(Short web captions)
-=-=-=-=-

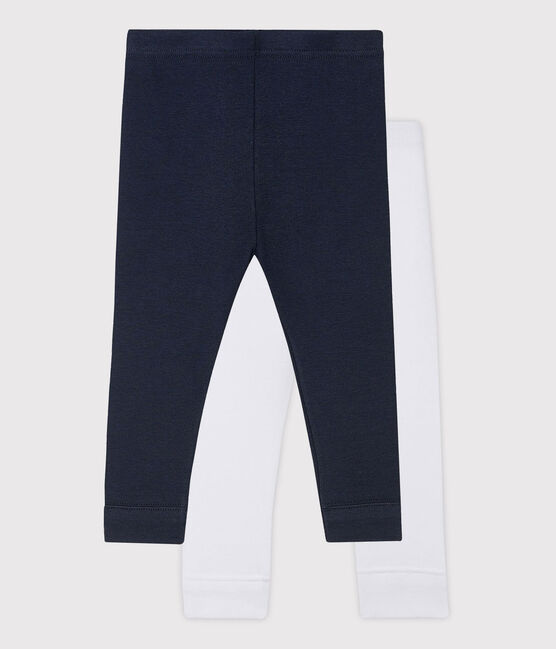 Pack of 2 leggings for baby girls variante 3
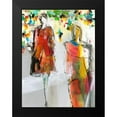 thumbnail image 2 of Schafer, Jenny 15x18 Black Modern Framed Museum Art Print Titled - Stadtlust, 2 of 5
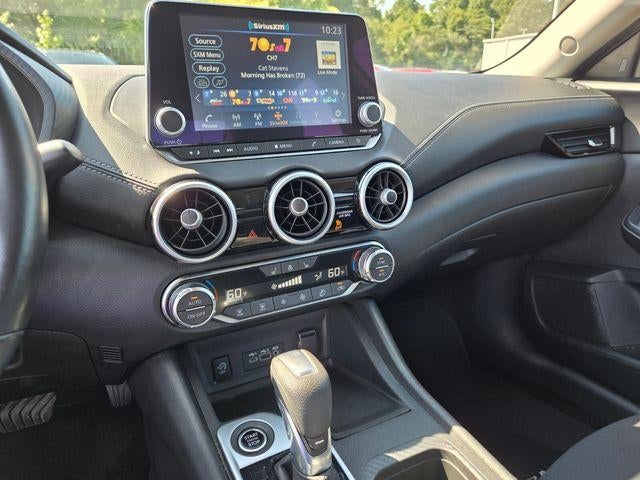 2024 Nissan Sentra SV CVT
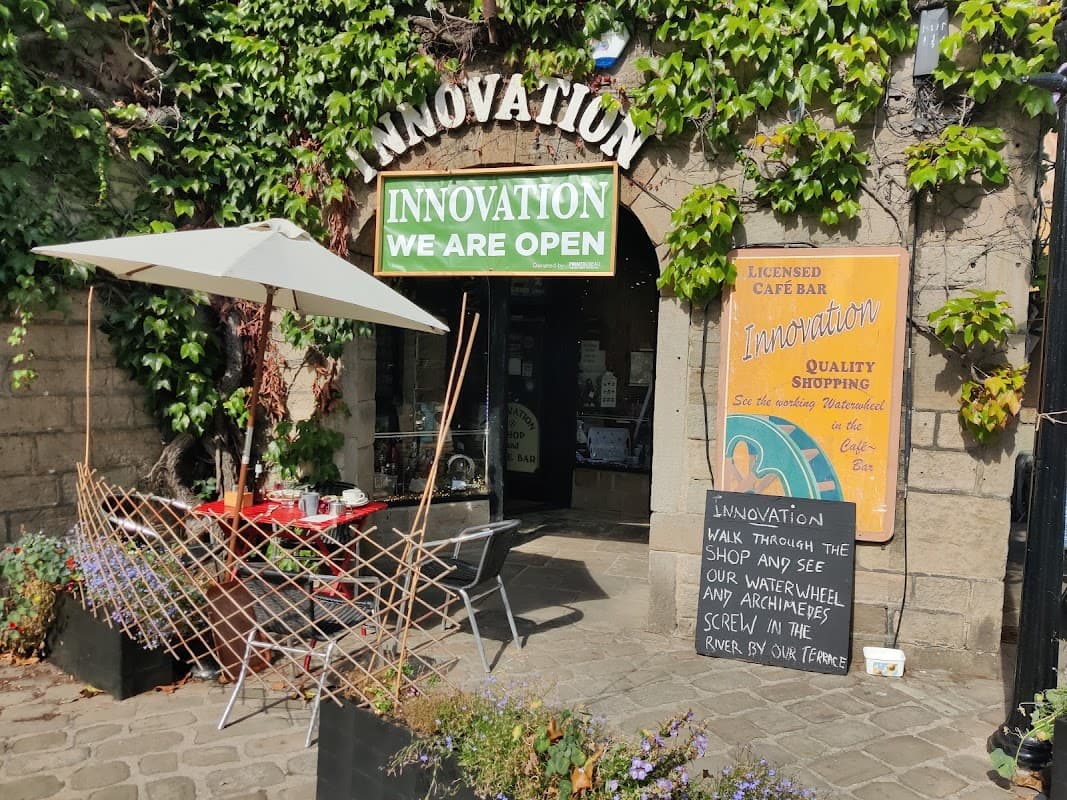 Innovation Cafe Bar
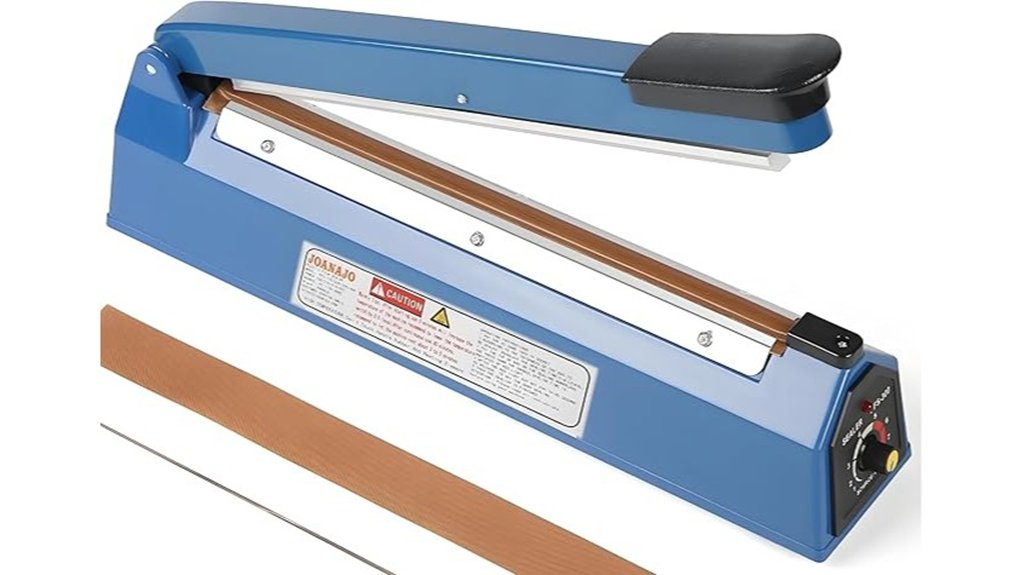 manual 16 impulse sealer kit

-=-=-=-=-

● Your instructions:
Each entry above is to be duplicated exactly, and its pictures omitted.

● Response:
 Pack of 2 leggings for baby girls variante 3
 thumbnail image 2 of Schafer, Jenny 15x18 Black Modern Framed Museum Art Print Titled - Stadtlust, 2 of 5
 2024 Nissan Sentra SV CVT
 Innovation Cafe Bar
 manual 16 impulse sealer kit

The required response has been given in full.